To do: Starting at the line that contains "2016 Mercedes-Benz Metris Base" and stopping at the line that contains "Manchester United - Villarreal", restate each line of the records below exactly. Omit the pictures.

Data records:
▬▬▬▬▬▬▬▬▬▬

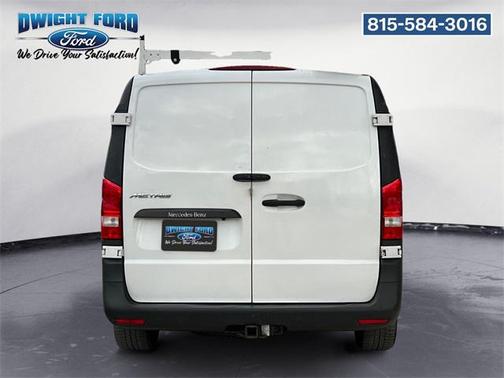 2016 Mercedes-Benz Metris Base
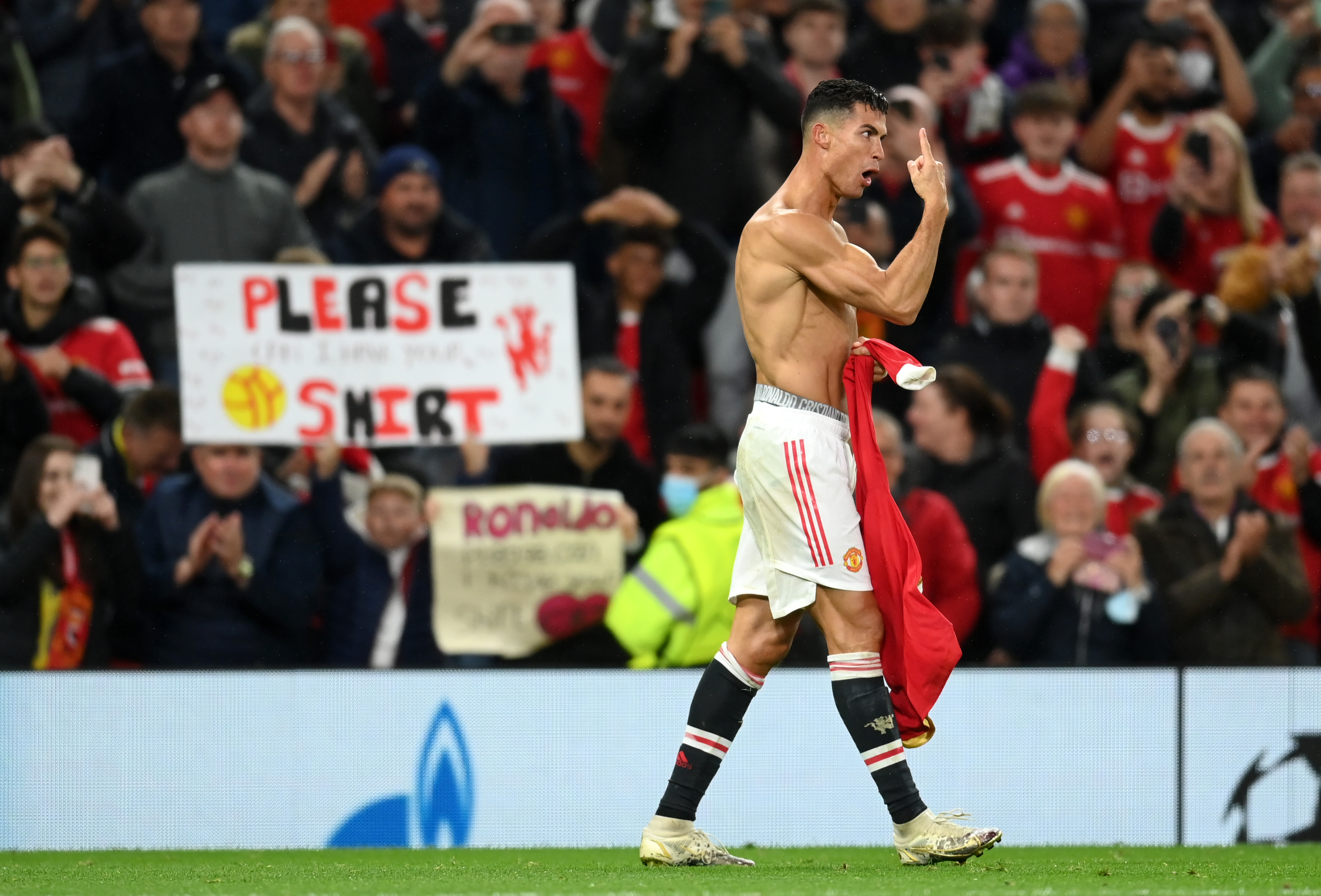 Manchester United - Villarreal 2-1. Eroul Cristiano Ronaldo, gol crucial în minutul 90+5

▬▬▬▬▬▬▬▬▬▬

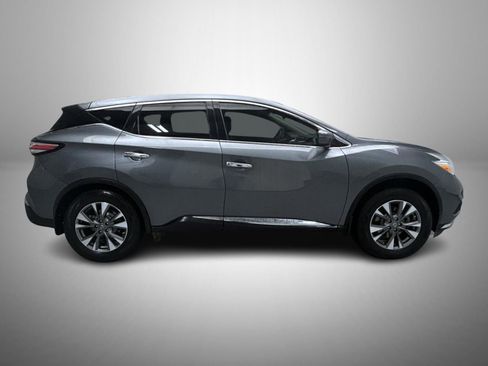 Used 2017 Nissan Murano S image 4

▬▬▬▬▬▬▬▬▬▬

Written answer:
 2016 Mercedes-Benz Metris Base
 Manchester United - Villarreal 2-1. Eroul Cristiano Ronaldo, gol crucial în minutul 90+5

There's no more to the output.